Sonnets Chrétiens


Livre Second — Sonnet XXIII

Sur la Fille de Jephté

Regarde cette fille, et si sage et si belle,
Qui vole où la conduit le paternel amour ;
Et prenant en ses mains la flûte et le tambour,
A son père vainqueur vient témoigner son zèle.
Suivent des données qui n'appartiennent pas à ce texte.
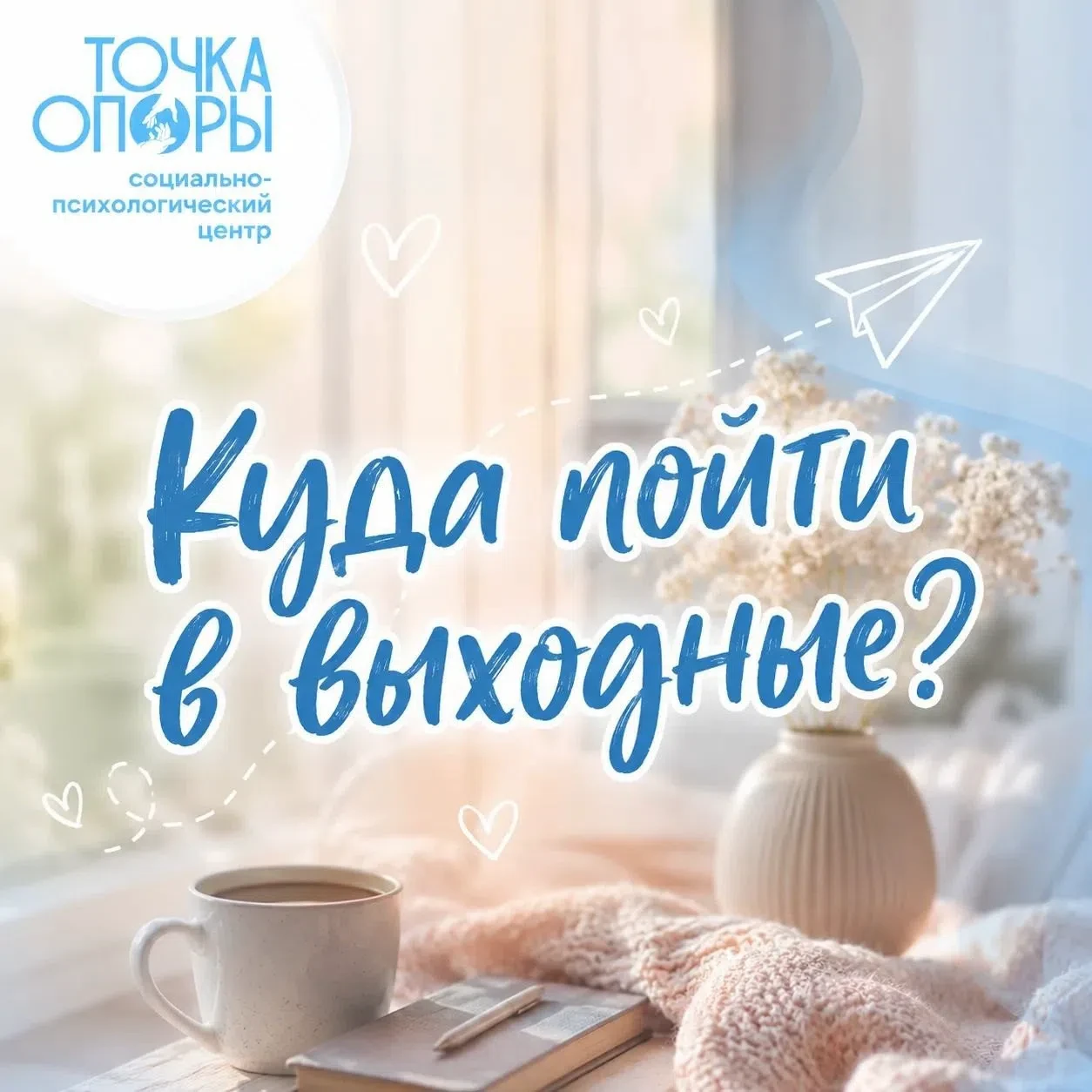 Сегодня встречаемся в театре?🎭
Tu verras, tout à coup, la fête solennelle
En un deuil imprévu se changer sans retour ;
Un orage soudain, éteignant ce beau jour,
Couvrira son éclat d’une nuit éternelle.

Par son funeste vœu, le triomphant guerrier
Dans le sang virginal ternira son laurier ;
Et rendra sa victoire amère et lamentable.

La mort d’Iphigénie est peinte en ce tableau,
Mais pour l’état du père, il est si déplorable,
Qu’il n’est, pour l’exprimer ni couleur, ni pinceau.


10 : Les anciens docteurs, et juifs et chrétiens, tiennent qu’en effet, en conséquence de ce vœu, Jephté sacrifia sa fille deux mois après. 12 : Les doctes estiment que l’Iphigénie de la fable n’est autre chose que le nom déguisé de la fille de Jephté, comme qui dirait Jephtigénie. A Sébaste, dit St. Epiphane, on solennisait sa fête, et on lui rendait des honneurs divins. 14 : Allusion au voile d’Agamemnon, dans le tableau de Timante.